- What you have to do:
What are the lines, copied exactly, from the one containing "2023年08月25日福建省" through the final line of the material? Leave the pictures out.

- Provided data:
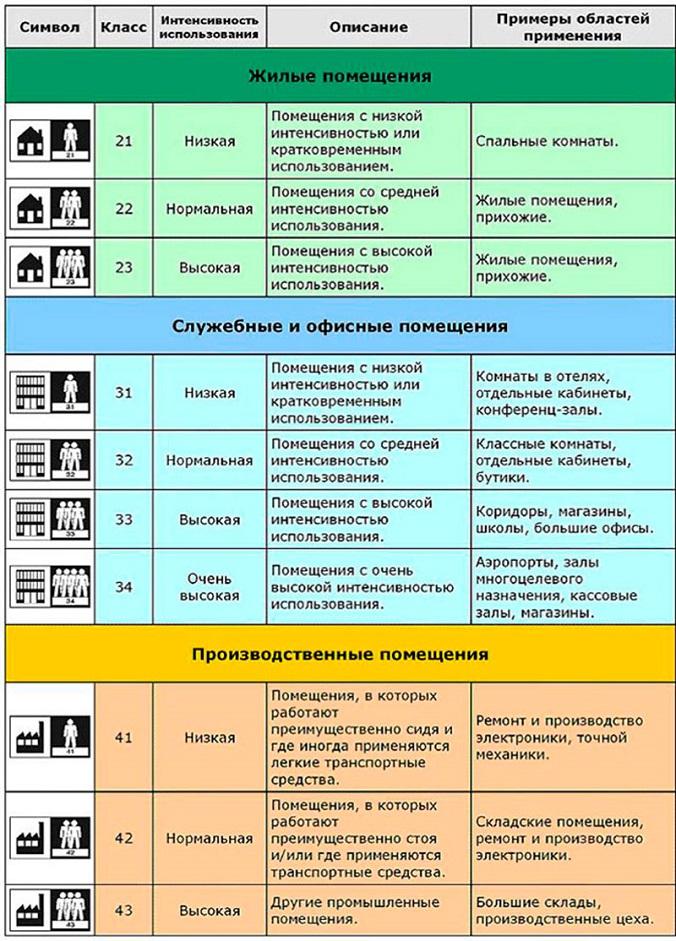 Классы ламината Классы ламината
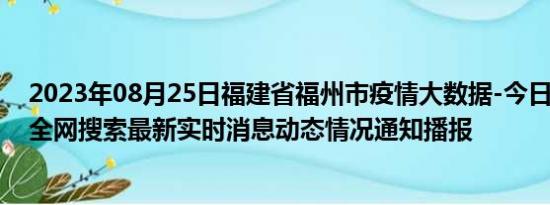 2023年08月25日福建省福州市疫情大数据-今日/今天疫情全网搜索最新实时消息动态情况通知播报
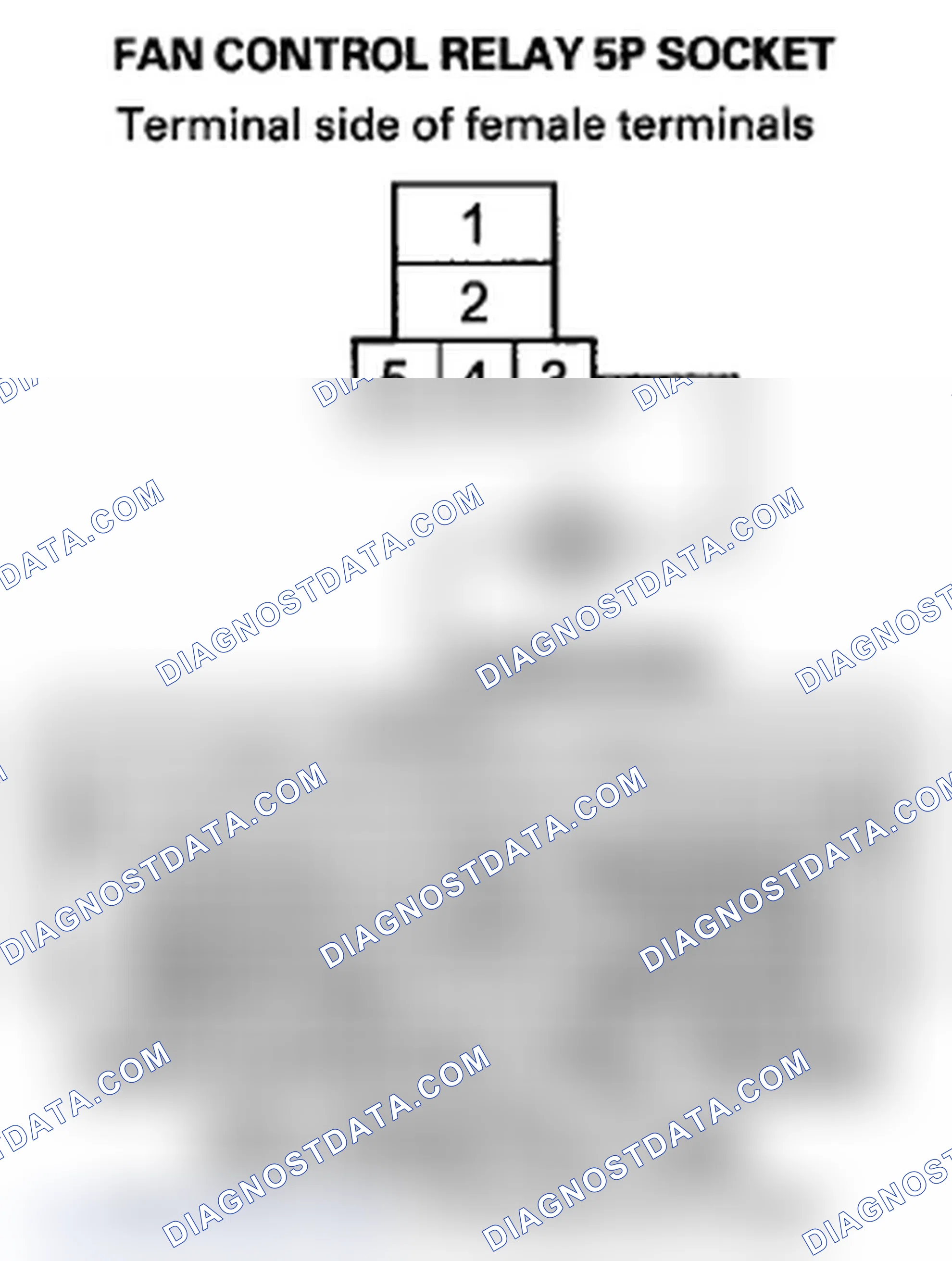 Scheme 33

- Written solution:
 2023年08月25日福建省福州市疫情大数据-今日/今天疫情全网搜索最新实时消息动态情况通知播报
 Scheme 33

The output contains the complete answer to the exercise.